There’s something else that’s a bit old school about the album. Eleven songs. All are almost exactly three minutes long. The longest song is 3:41, while the shortest is 2:33. Five of them are in the 2:55 to 3:09 range. That’s Pop Song Craftsmanship 101 right there. Because it’s 1965, and your record needs to be exactly three minutes long if you want it to get played on AM radio.
All kidding aside, this really is a fantastic record, and I’m not sure why I was missing it for more than a year. I just was.
I don’t think there’s a stinker on the album, and right now, this is my favorite:
“Never Heal Myself” by Cults
First off, I love the tuned percussion, as I always love the tuned percussion. That’s always a brilliant way to start a song and grab my attention.
I love the way they treat Follin’s vocals. Whether it’s delay, or layers on layers, or both, I love that sound. Especially in the chorus.
The bulk of the song is about the gal trying to change her ways to please some fella:
Tell me all the things that you thought weren’t right about me and my life
Tell me there’s a way that i can shake this cloud and stand near to your light
I never wanted anyone to say that i have hidden myself in disguise
Please don’t leave me lonely tell me all the ways to make myself right in your eyes
And that’s another way that Cults’ music is reminiscent of that Motown and 60s girl group sound. Those songs were often about accepting the psychological abuse and changing her ways or looks just to please the abusive guy. All in the name of perceived “love”. There’s not really a better example of this than story of The Ronettes, who Phil Spector created, then destroyed simply because he was a controlling freak.

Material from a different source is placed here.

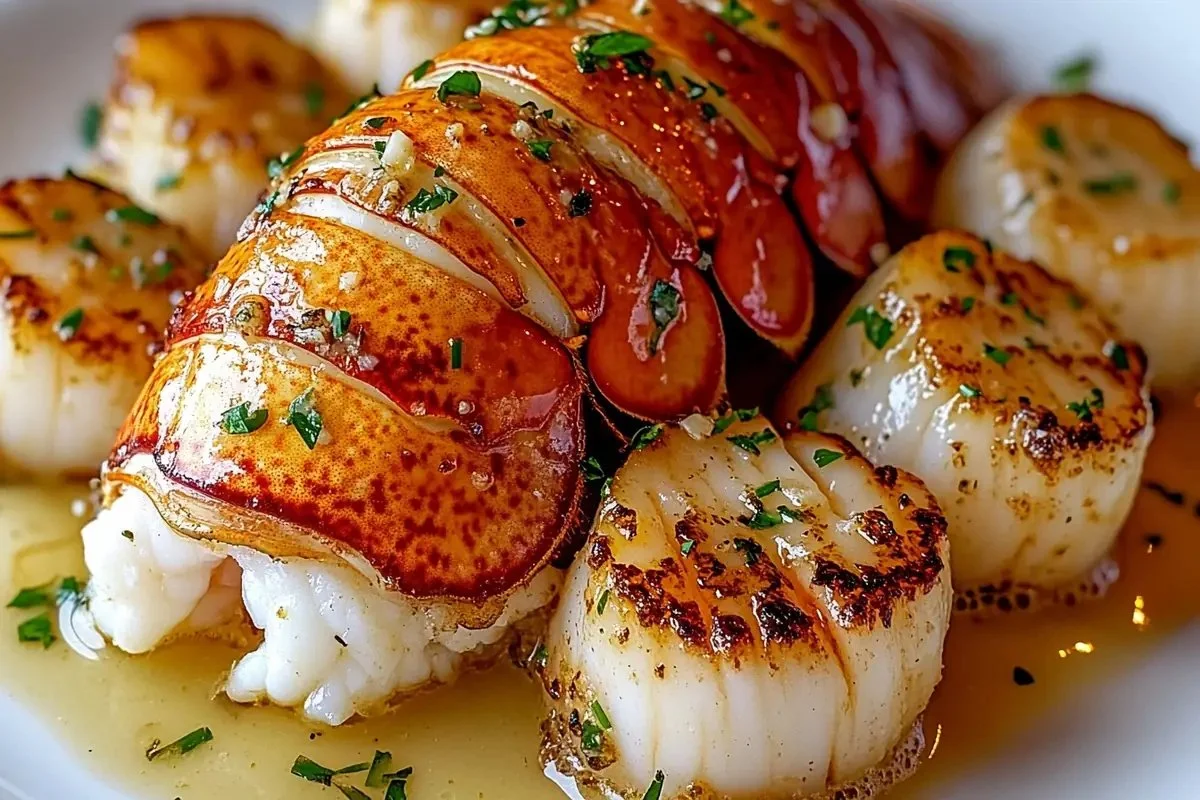 Plated seared scallops with lobster, garnished for a gourmet seafood dish.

And Ronnie let it happen. In the name of love.
However, there’s an interesting twist at the end. The first two times through the chorus, it gets really big.

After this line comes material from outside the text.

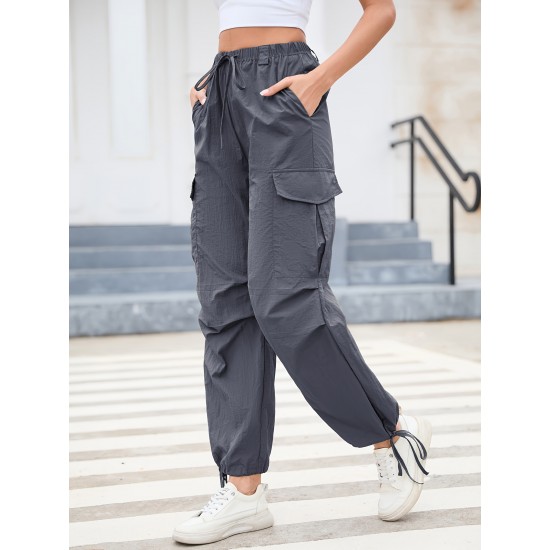 1pc GoyRrbay Women'S Casual Nylon Cargo Jogger Pants - Solid Color Drawstring Low Waist Baggy Trousers, All-Season Loose Fit Long Pants for Going Out, Woven Sports Pants for Adults 1pc GoyRrbay Women'S Casual Nylon Cargo Jogger Pants - Solid Color Drawstring Low Waist Baggy Trousers, All-Season Loose Fit Long Pants for Going Out, Woven Sports Pants for Adults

But i can never heal myself enough for
Never heal myself enough for you
There’s the implication that she’s gonna keep trying, even if she knows that that fella is never gonna be satisfied by her “healing”. After the second chorus, it breaks down and goes into a third chorus without a verse. And it’s very, very small. Just a gently strummed guitar, and the decidedly different vocals:
Yeah I try to heal myself
And turn around to someone else
But I can never be myself, so fuck you
Finally, she’s had enough. She doesn’t want to “heal herself” anymore. No more pretending to be someone else. She’s not the problem. He is.
I love it.
On the band’s website, they suggest buying their record as an iTunes download. I can’t really stand behind that recommendation. I’ll suggest shopping it at amazon here, where you can get it in CD, vinyl or mp3 format. Either way, you should absolutely get this record if you don’t have it. You should revisit it if you do have it.